Penanganan Hemoroid dengan Operasi

1. Pengikatan hemoroid

Gbr3.Skleroterapi

Pengikatan ini melibatkan tali yang elastis diikatkan dengan kuat pada dasar dari hemoroid untuk memotong aliran darah. Tanpa aliran darah, hemoroid akan terlepas setelah seminggu menjalani perawatan ini.
Proses ini tidak memerlukan pembiusan dan pasien bisa kembali beraktivitas normal keesokan harinya. Rasa tidak nyaman dan nyeri mungkin akan muncul selama satu atau dua hari. Obat pereda rasa sakit biasa cukup efektif untuk mengatasi rasa sakit ini. Jika perlu, dokter akan memberi resep obat dengan dosis yang jauh lebih kuat.
Anda mungkin tidak menyadari ketika hemoroid sudah terlepas. Biasanya akan terlepas saat Anda buang air besar. Jika Anda melihat adanya lendir atau mukosa pada tujuh hari setelah prosedur pengikatan, berarti hemoroid sudah terlepas.
Tukak atau luka bisa saja muncul pada lokasi pengikatan. Tukak biasanya sembuh dengan sendirinya tanpa penanganan.

 

2. Suntikan skleroterapi
Pada proses skleroterapi, larutan kimia disuntikkan ke dalam pembuluh darah pada anus. Suntikan ini akan menghilangkan rasa sakit dengan membuat ujung saraf menjadi mati rasa (kebas) pada lokasi penyuntikan. Suntikan ini juga membuat jaringan hemoroid mengeras dan akhirnya terbentuk sebuah luka. Setelah sekitar satu setengah bulan, ukuran hemoroid akan mengecil atau menyusut.
Setelah penyuntikan, hindari olahraga yang melelahkan sepanjang hari.  
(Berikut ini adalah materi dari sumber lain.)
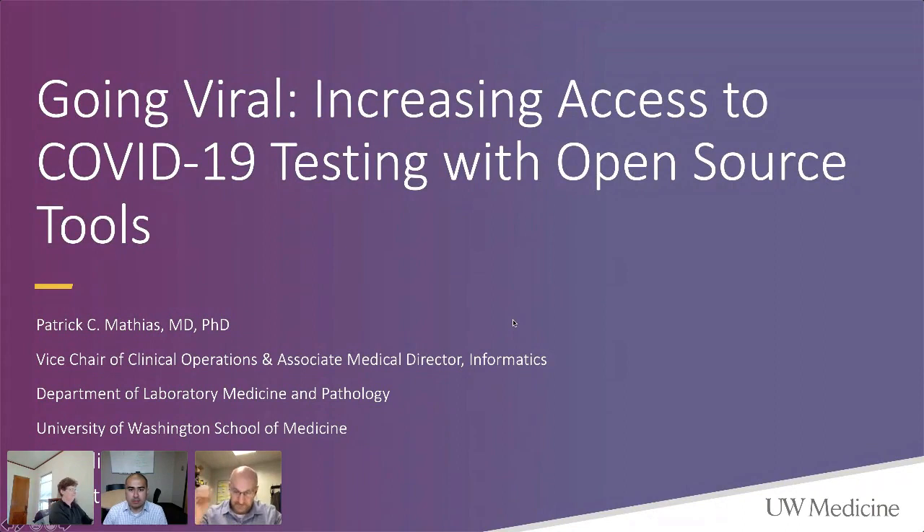Thanks for waiting, everybody. I'm Stefan Kadocchi, and it's my extreme pleasure to introduce Patrick Mathias, MD-PhD, who is the Vice Chair of Clinical Operations of Laboratory Medicine at the University of Washington School of Medicine, and one of the leaders in driving automated large-scale COVID-19 testing. His lab alone has done more than 600,000 tests. He is going to show you how he used R to help orchestrate this ginormous effort. Take it away, Patrick.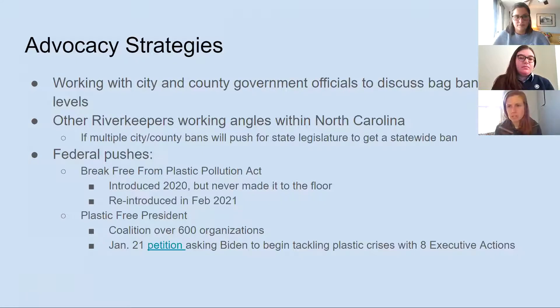There are some other Riverkeepers across North Carolina that are also going to be working with their local officials to discuss similar bag bans or bag fees. We're hoping that if we can get all these little pockets in the state to push for these things, maybe we can rally towards the state to get an actual state ban on bags. That's the hope. At the same time, there are things you can be doing to push things forward at the federal level.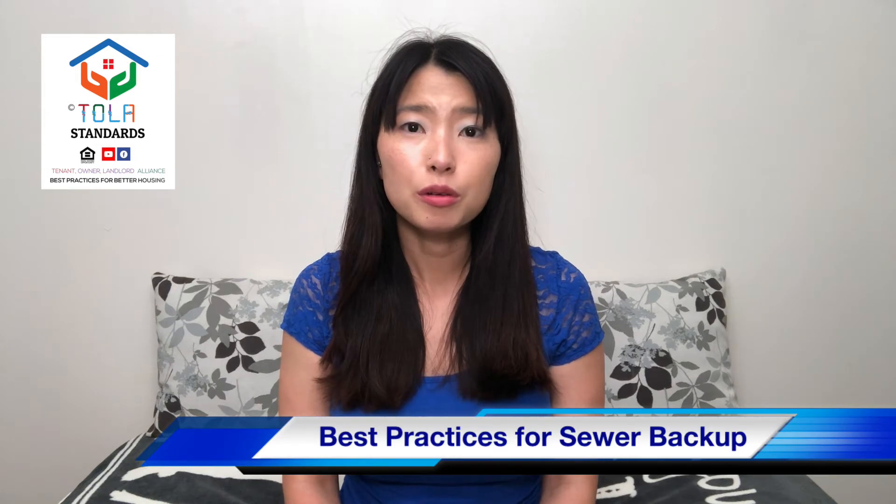We're going to get started now with our tips and outline best practices for dealing with a sewer backup. Our content is not legal advice and strictly for informational purposes only.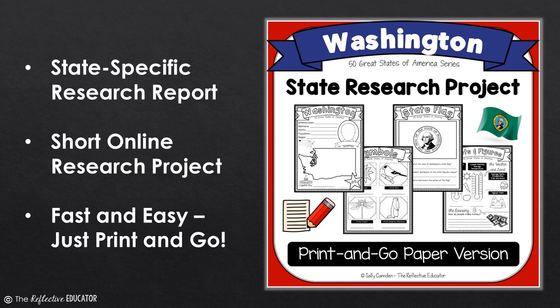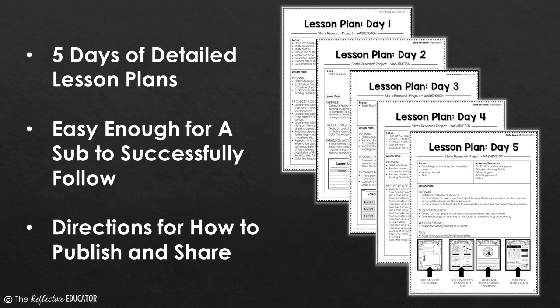Students will love researching the great state of Washington with a custom-designed state research project. This print-and-go paper version offers everything you need to quickly get your kids conducting a short online research project.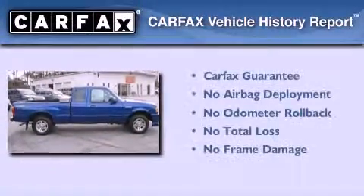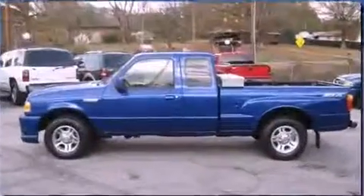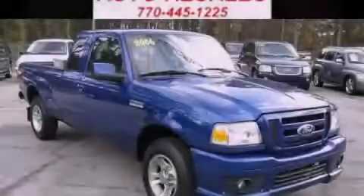Not to mention that this Ford qualifies for the Carfax buyback guarantee. This automobile won't last long at this price. Call and arrange a test drive now.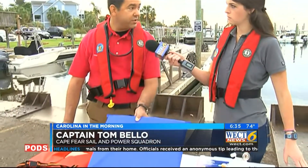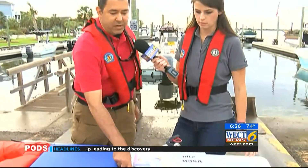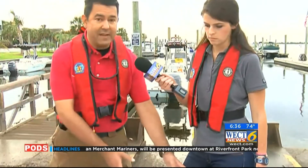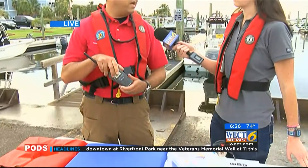The items checked always depend on the size of the boat, but typically they check for an appropriate number of life jackets, throwable cushions, visual distress signals such as flares that are not expired — you need at least three of those — the appropriate number of fire extinguishers, and a sound-producing device such as a horn or whistle. These are mandatory, but recommended equipment includes a first aid kit and a VHF radio.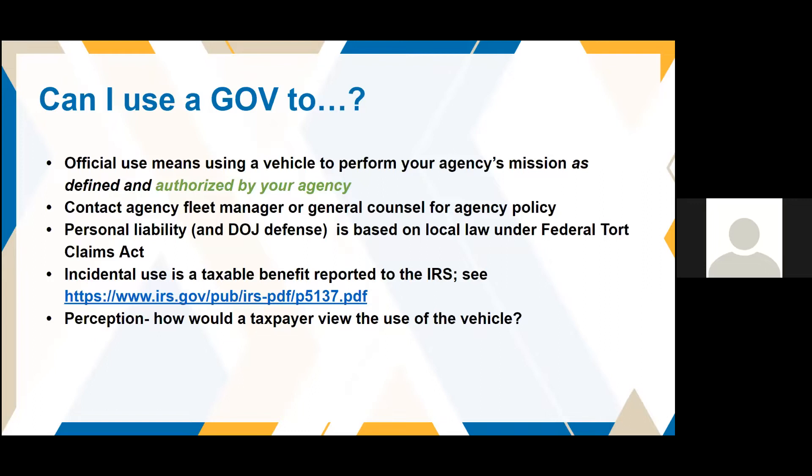We always tell you to contact your agency fleet manager and/or your General Counsel's office for your agency policy. The reason official use is determined by the agency is because there are so many missions in the federal government. A government-run childcare center taking children to an amusement park may actually be part of that agency's mission. It's up to your agency to decide. The concern is personal liability — the government wants to ensure it isn't liable for unofficial use, and to protect the employee, driver, or supervisor from personal liability.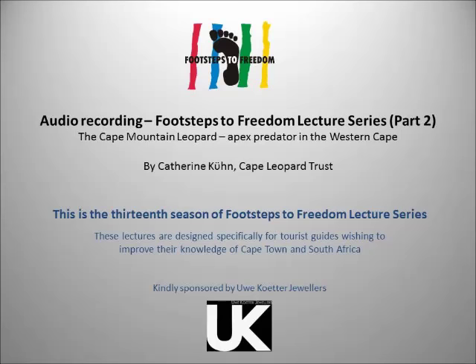This female is called Spot — she has a collar, and the mountain in the background is the Stettynskloof. Females are generally smaller and thinner, and the males have a thicker neck, so you can usually tell the difference by neck size. Once captured and collared, the GPS tracking lets researchers see where each leopard is walking.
3. Koagulasi dengan inframerah
Koagulasi dengan inframerah terkadang juga dipakai untuk menangani hemoroid. Pada prosesnya, sebuah alat yang memancarkan sinar inframerah dipakai untuk membakar jaringan hemoroid. Langkah ini juga berfungsi untuk memotong aliran darah.
Selain inframerah, prosedur yang sama juga bisa dilakukan memakai arus listrik. Metode ini lebih dikenal dengan nama diatermi atau elektroterapi untuk wasir.